▸ EXERCISE:
Restate exactly the lines of the entries below, beginning with the first and ending with the line that holds "[RPW1022863] GE Cooktop". Pictures are not copied.

Image-text web data
....................
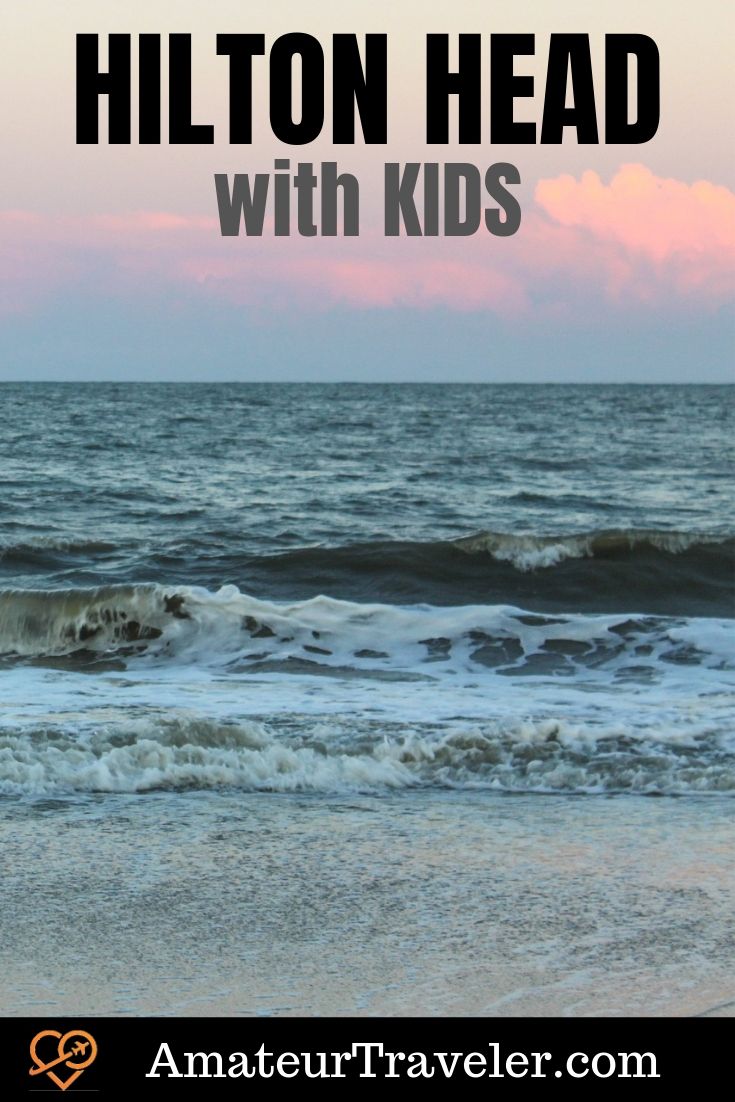Things to Do in Hilton Head with Kids | What to do in Hilton Head #travel #trip #vacation #hilton-head #south-carolina #things-to-do-in #when-to-go #itinerary #planning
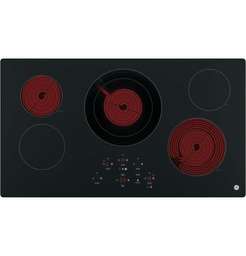[RPW1022863] GE Cooktop Main Top and User Interface Control WB62X26844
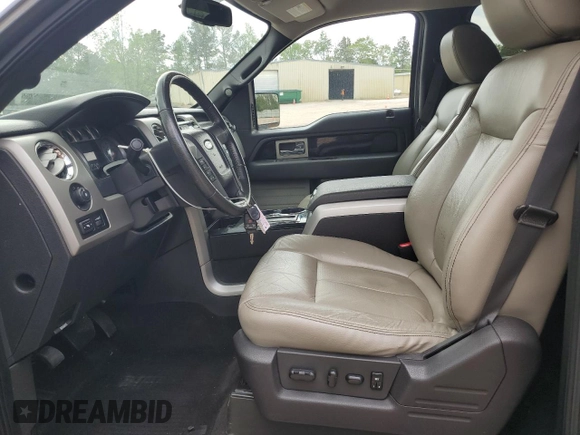 2009 Ford F-150 XL with VIN 1FTPW14V49KA73074, listed as a Copart auction lot 51887195 with 212,130 mi miles and Salvage Title. Bid and sale history available at carsss.com. Image 7.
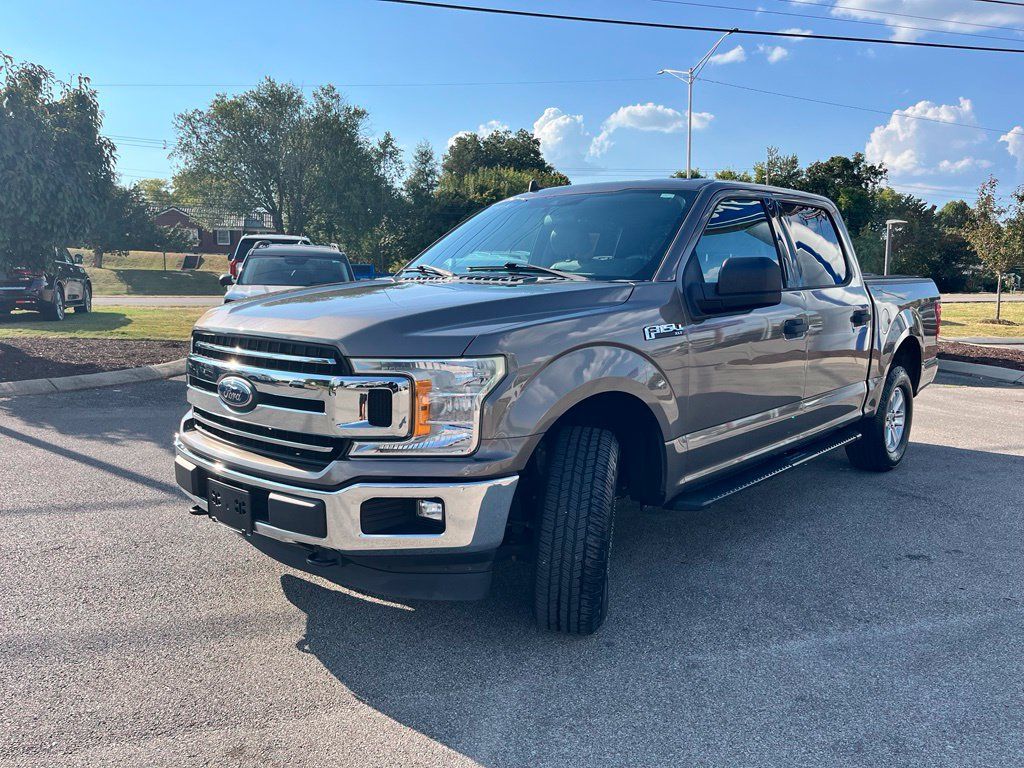 Used 2019 Ford F150 XLT AWD/4WD image 3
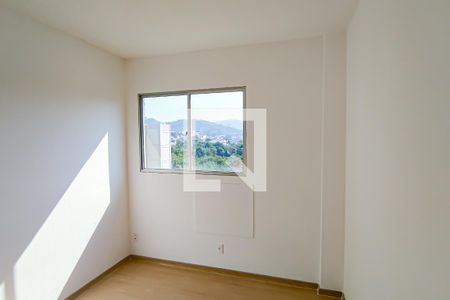 quarto 1 de apartamento à venda com 2 quartos, 47m² em Taquara, Rio de Janeiro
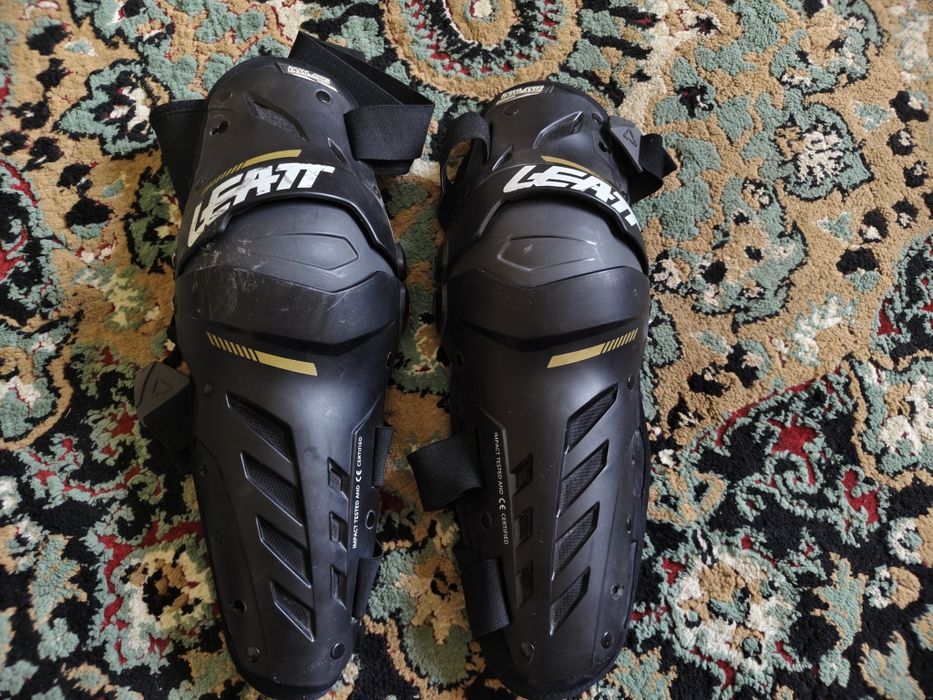 Leatt dual axis S/M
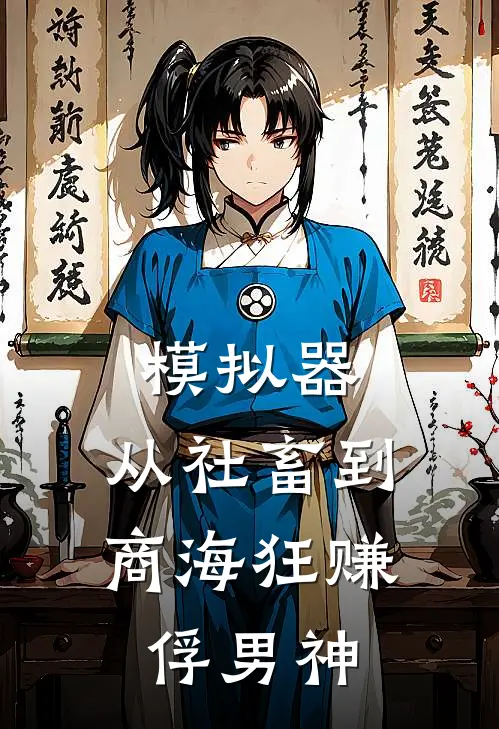 模拟器：从社畜到商海狂赚俘男神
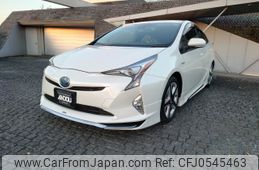 toyota prius 2016 -TOYOTA--Prius DAA-ZVW51--ZVW51-8004311---TOYOTA--Prius DAA-ZVW51--ZVW51-8004311-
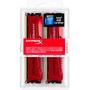 Модуль памяти для компьютера DDR3 8GB (2x4GB) 1600 MHz Savage Red Kingston Fury (ex.HyperX) (HX316C9SRK2/8) - 3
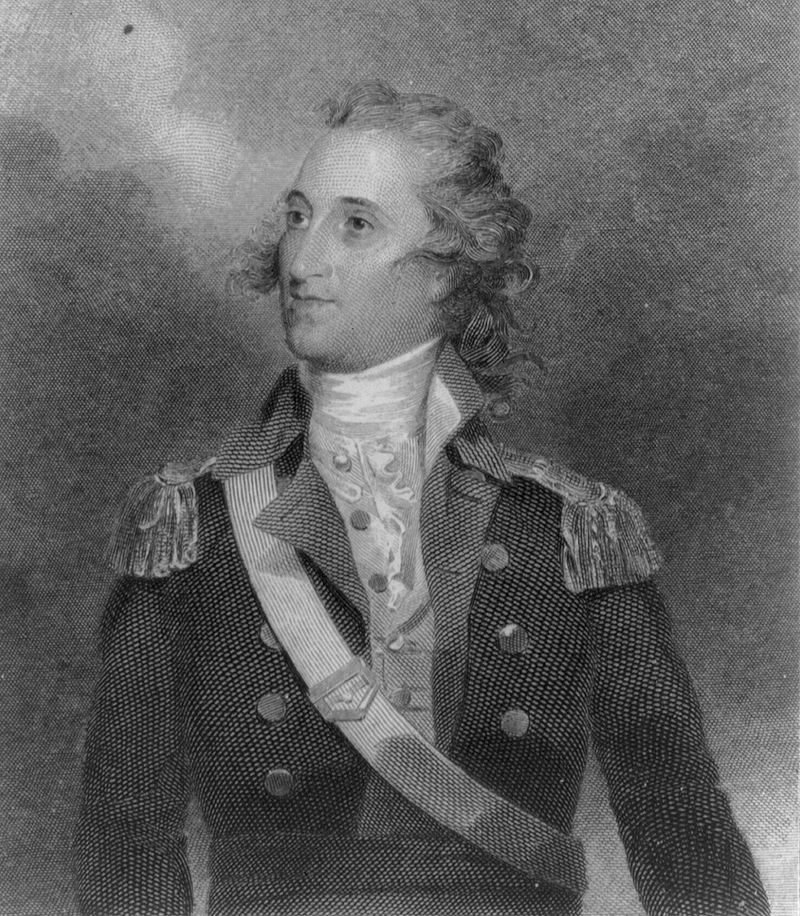 Governor Thomas Pinckney - South Carolina Federalist
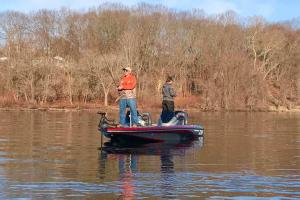 Braggin' Board Photo: Fishin' off the NITRO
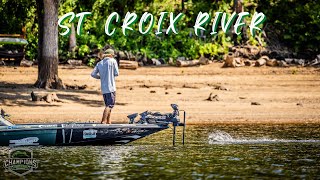 2024 Champions Tour  St Croix River [upl. by Noled]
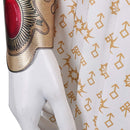 Zombies 4: Dawn of the Vampires Nova Women Red Outfit Carnival Halloween Cosplay Costume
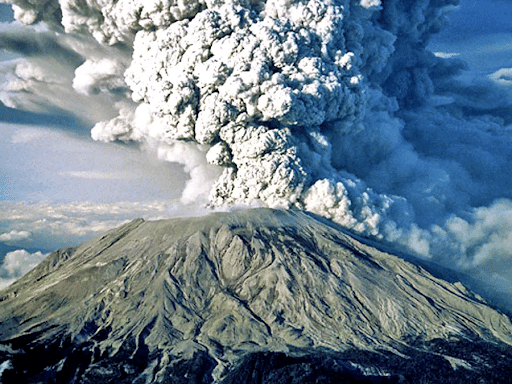 Volcanic Eruption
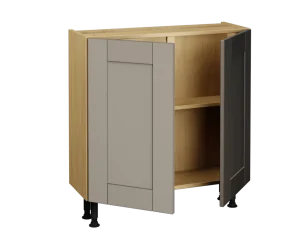 800 Shallow Base Unit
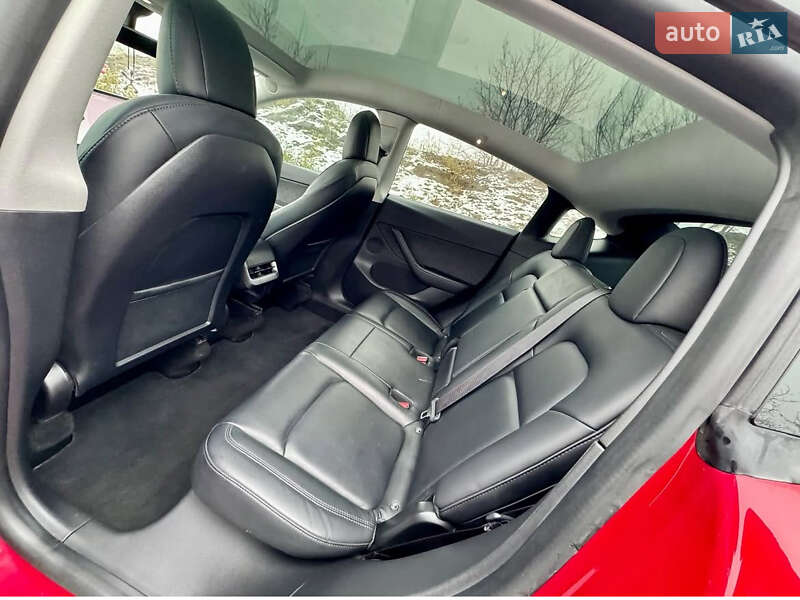 Внедорожник / Кроссовер Tesla Model Y 2020 в Виннице фото 8 Внедорожник / Кроссовер Tesla Model Y 2020 в Виннице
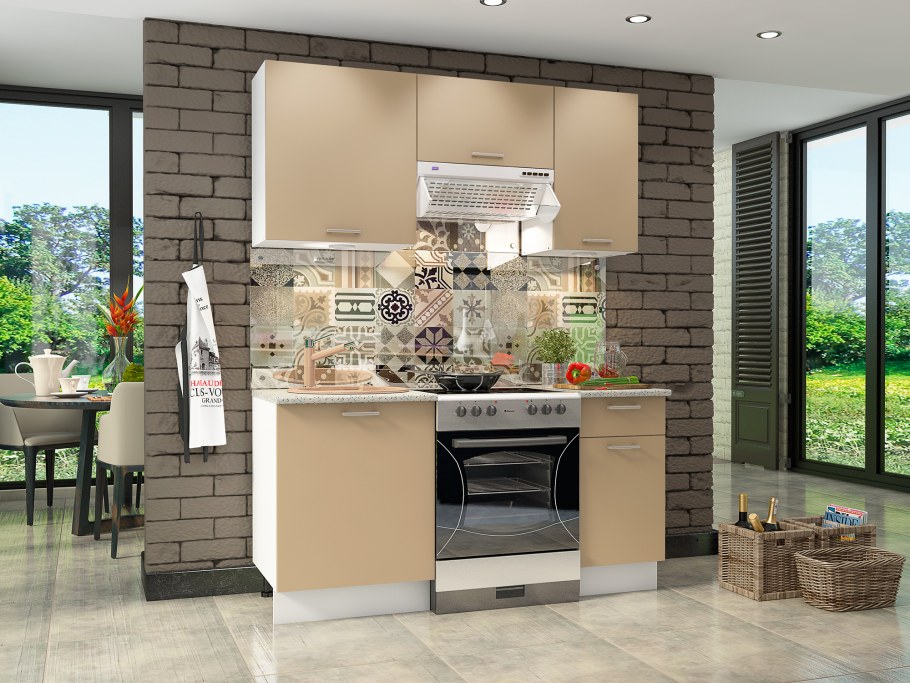 Кухонный гарнитур Сан-Ремо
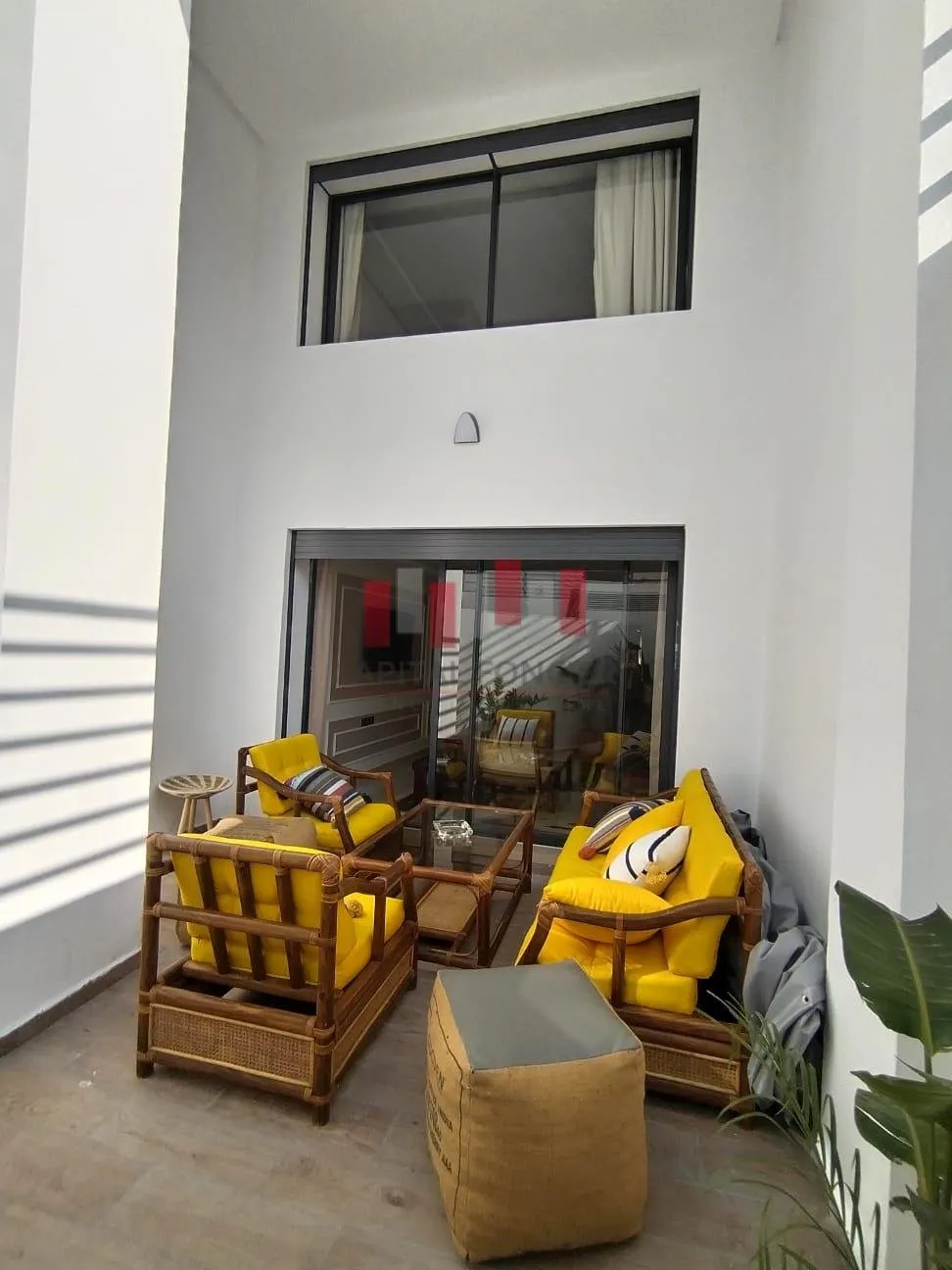 DUPLEX NEUF ! BELLE HAUTEUR TERRASSE - الدار البيضاء (3)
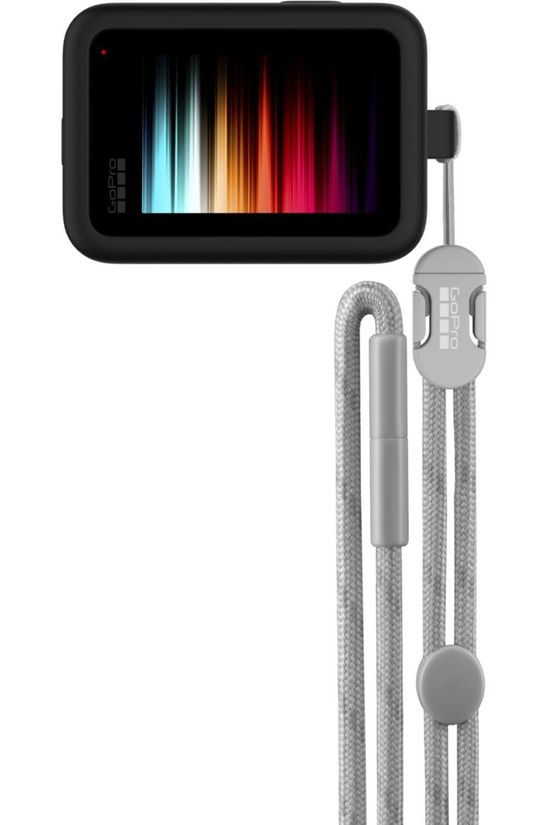 GoPro Accessoire Sleeve + Lanyard Black HERO 9/10/11 black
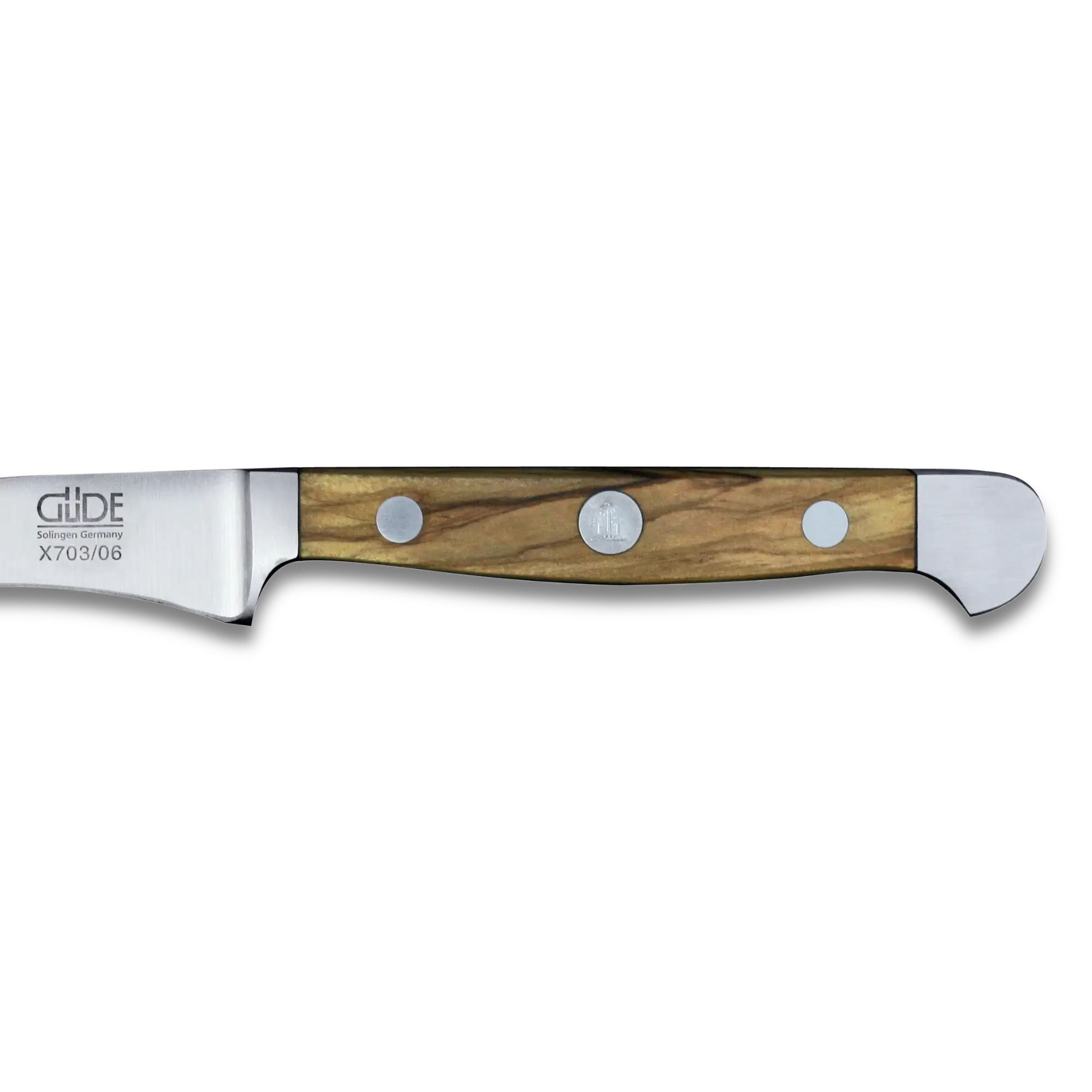 ALPHA OLIVE | Pairing Knife 2.36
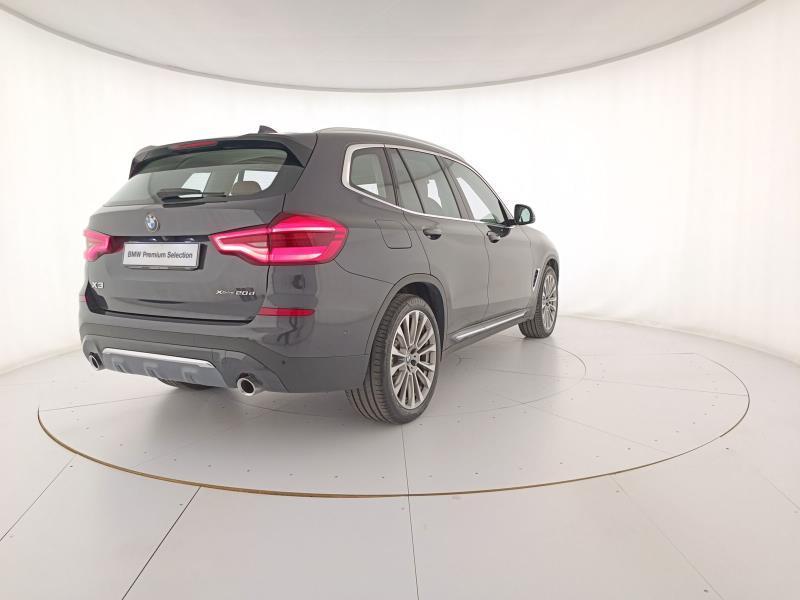 BMW X3 20 d Mild Hybrid 48V xLine xDrive Steptronic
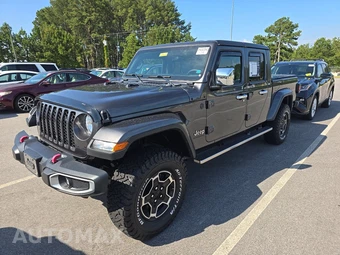 2023 Jeep Gladiator Sport S Crew Cab Medium Bed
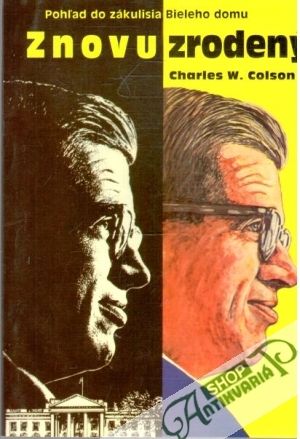 Znovuzrodený - Colson Charles W,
....................
▸ EXERCISE SOLUTION:
Things to Do in Hilton Head with Kids | What to do in Hilton Head #travel #trip #vacation #hilton-head #south-carolina #things-to-do-in #when-to-go #itinerary #planning
[RPW1022863] GE Cooktop Main Top and User Interface Control WB62X26844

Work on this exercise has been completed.